If we improve the tone prompts using each user’s LinkedIn writing history, then we will increase average tone match score from 5.26 to 8 out of 10.
Tone baseline analyses run on 10 users on March 9 showed scores ranging from 2.1 to 6.9 out of 10, averaging 5.26/10. AI-generated content is measurably diverging from how these users actually write.
The current prompts lack sufficient personalization signal. Each user’s existing LinkedIn post history contains enough stylistic data to close the gap.
Same 10-user cohort. The improved tone prompt — trained on each user’s LinkedIn post history — runs live for 14 days. All 10 users are re-scored using the same methodology as the March 9 baseline. A one-week check-in reviews directional movement before the final read.
Tracked in tone_delta_experiments — same scoring model, same 10-user cohort as March 9.
| User | Baseline Score | Posts Analyzed | LinkedIn Posts (Total) |
|---|---|---|---|
| Kamil Rextin | 2.1/10 | 9 | 463 |
| Daryl Driedger | 3.9/10 | 11 | 69 |
| Alejandra Céspedes | 4.8/10 | 4 | 15 △ |
| Matt Dorman | 4.8/10 | 6 | 223 |
| Eric Voyer | 5.7/10 | 6 | 105 |
| Olanike A. Mensah | 5.9/10 | 10 | 0 △ |
| Meeky Hwang | 6.2/10 | 16 | 165 |
| Rameez Faheem | 6.5/10 | 6 | 12 △ |
| Bill Wilson | 6.8/10 | 5 | 710 |
| Renée Cormier | 6.9/10 | 10 | 422 |
| Cohort Average | 5.26/10 | — | — |
△ Flagged — thin or missing LinkedIn data. Scores for these users should be read with lower confidence.
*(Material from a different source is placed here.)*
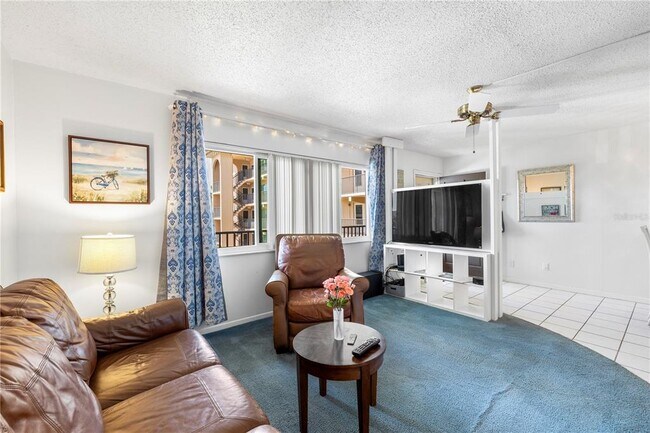 Building Photo - 2525 W Bay Dr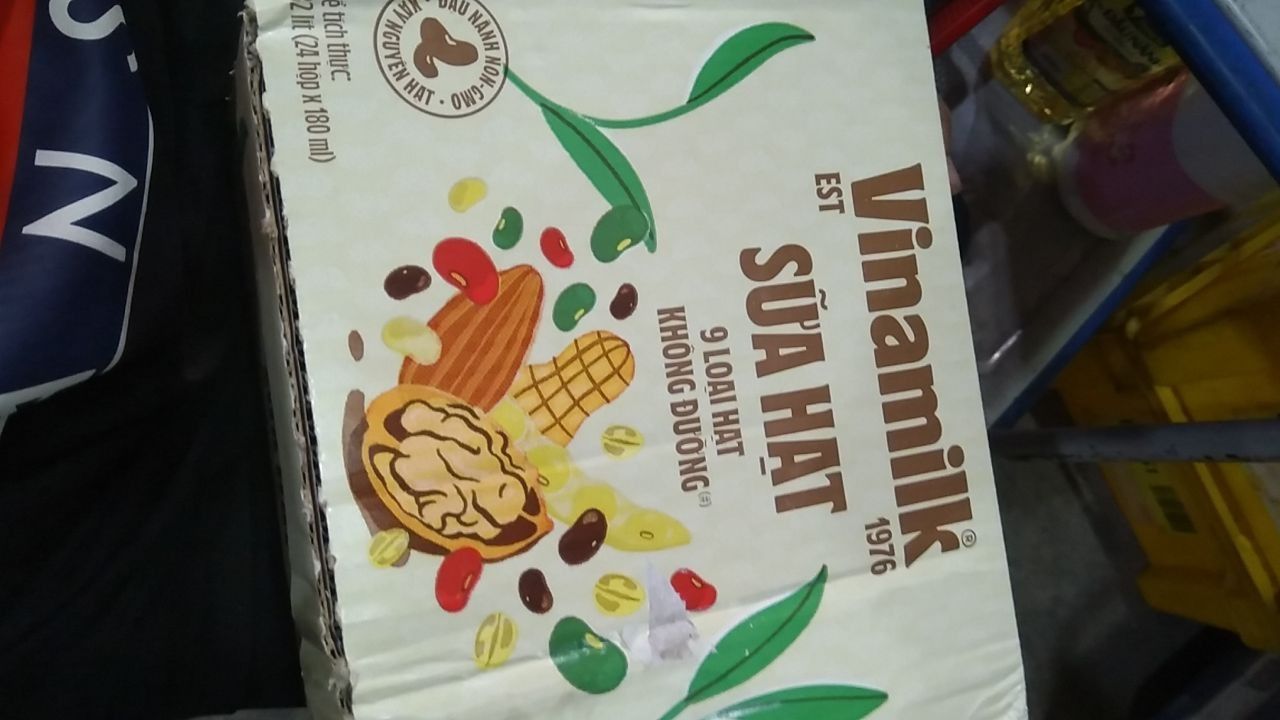 Thùng 24 hộp sữa 9 loại hạt không đường Vinamilk Super Nut 180ml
| Hit 8/10 | Roll improved prompts out to all content module users. |
|---|---|
| Miss 8/10 | Identify which users diverged furthest and determine whether the gap is a data problem (insufficient post history) or a model problem. |
All 10 records in tone_delta_experiments still show generatedAt: 2026-03-09. No re-scoring has run. The agents collection shows zero configuration changes since March 9. The improved prompt exists as a stored field in the database but has not been applied to the live system. The experiment cannot start until the prompt is deployed.
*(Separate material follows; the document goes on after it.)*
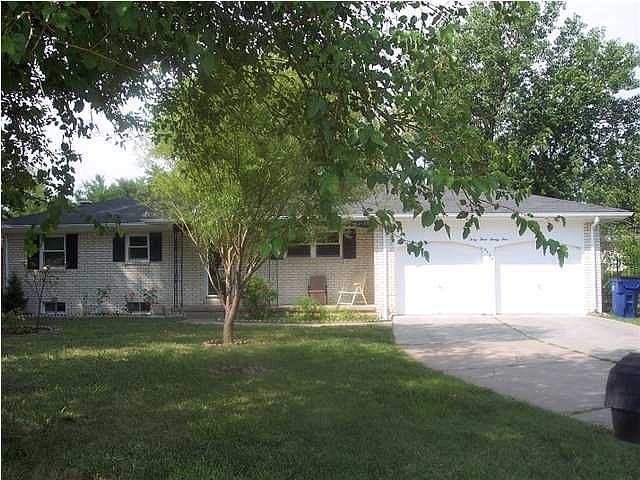 Nice curb appeal on corner lot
cowlickrocks@gmail.com (Daryl Driedger) shows zero content ideas and zero posts in the last 30 days. Every other cohort member has generated 5–21 ideas in that window. A user who is not generating content under the new prompt cannot be re-scored, reducing the effective cohort to 9.
Alejandra Céspedes has 15 LinkedIn posts in the system (4 analyzed). Rameez Faheem has 12 (6 analyzed). Both are on the lower end of the score range. Re-scored results for these two will carry lower confidence than the rest of the cohort. Not a blocker, but should be noted on the final read.
Note → Flag these two users explicitly when interpreting the March 30 results.